(di Michele Serra – repubblica.it) – I partiti della sinistra francese, da quella radicale a quella riformista a quella ecologista, sono divisi su molte questioni, ma in pochi giorni sono riusciti a mettere nero su bianco un programma elettorale nel quale perfino su Ucraina e Gaza, delicatissimi nodi, si è trovata una posizione comune. Forse ipocrita, e non troppo dettagliata. Però necessaria per presentarsi uniti agli elettori. Un compromesso è un compromesso, sempre: io faccio un passo indietro su questo, tu fai un passo indietro su quello.

Nessuno scandalo, dunque. Però, certo, colpisce il fatto che questo lodevole sforzo di unità abbia come sua ragione fondamentale — se non l’unica — l’emergenza politica, ormai annosa, di “fermare la destra”, che in Francia ha le sembianze, poco raccomandabili, del lepenismo. L’emergenza è evidente. Ma è mai possibile che la sinistra, anzi le sinistre, non solamente in Francia, diano la perenne impressione di mobilitarsi, e unirsi, solo quando la tempesta batte alla porta?

La sola eccezione (parziale) che mi viene in mente è quella dell’Ulivo. Per il resto, quando mai uno sforzo lontanamente simile a quello prodotto a Parigi in tempi da record, ha visto leader e vice-leader della sinistra spremersi le meningi per un programma comune che sia ispirato da buone idee e dalla volontà di portarle al governo, e non dalla paura che la destra conquisti il potere?

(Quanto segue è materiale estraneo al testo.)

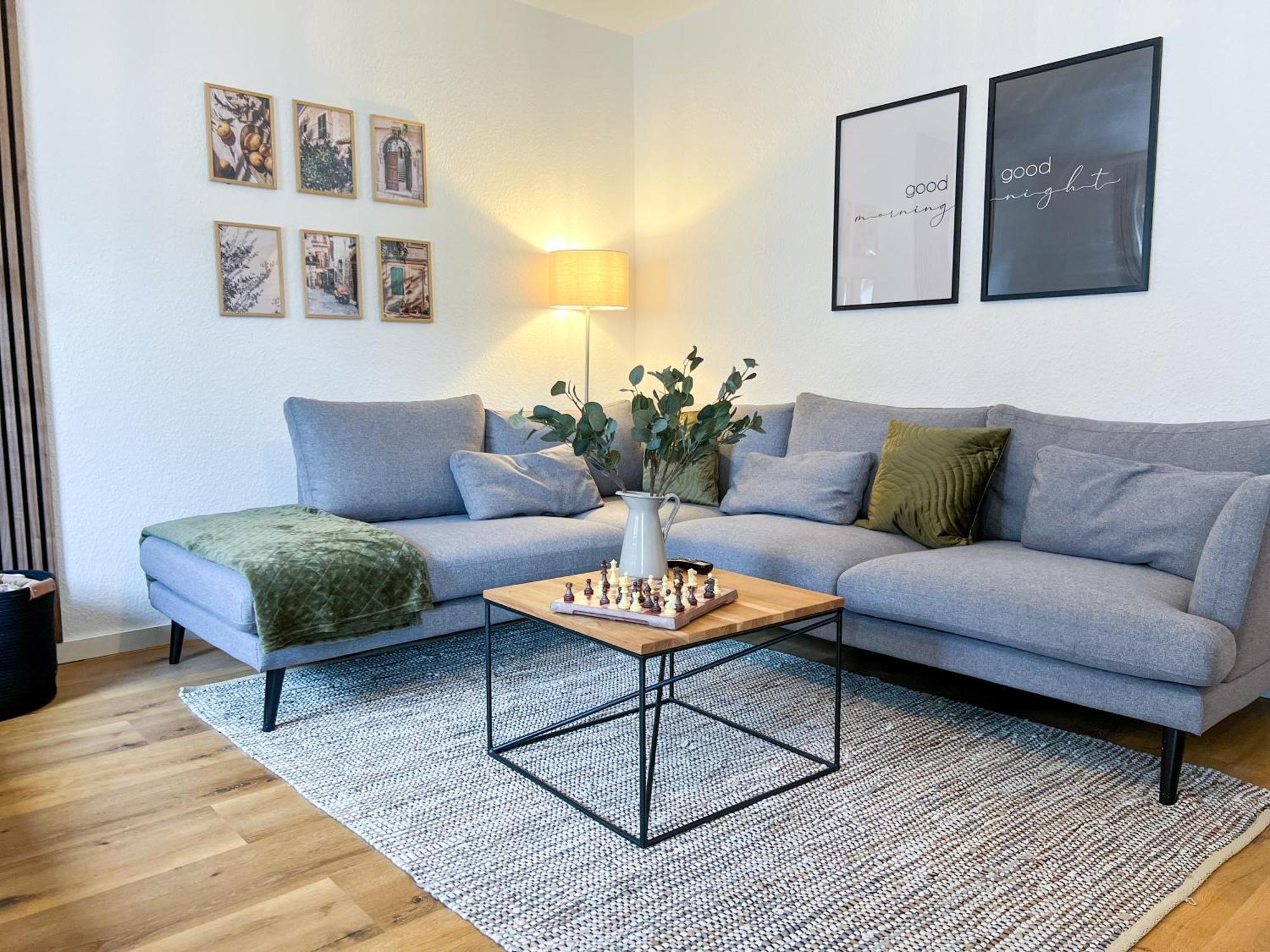 Upper Room Apartment Im Zentrum Mit Kostenfreiem Parkplatz Neustadt an der Weinstraße Exterior foto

Sarebbe servito (servirebbe ancora) un lavoro sereno e tenace, da “tempi di pace”, che dia l’impressione che la sinistra esista per proporre le sue cose, con i suoi tempi e la sua agenda, non solo per fare argine e gridare “al lupo!”. Una sinistra di buon umore, non costantemente in allarme, quando riusciremo mai a rivederla e risentirla?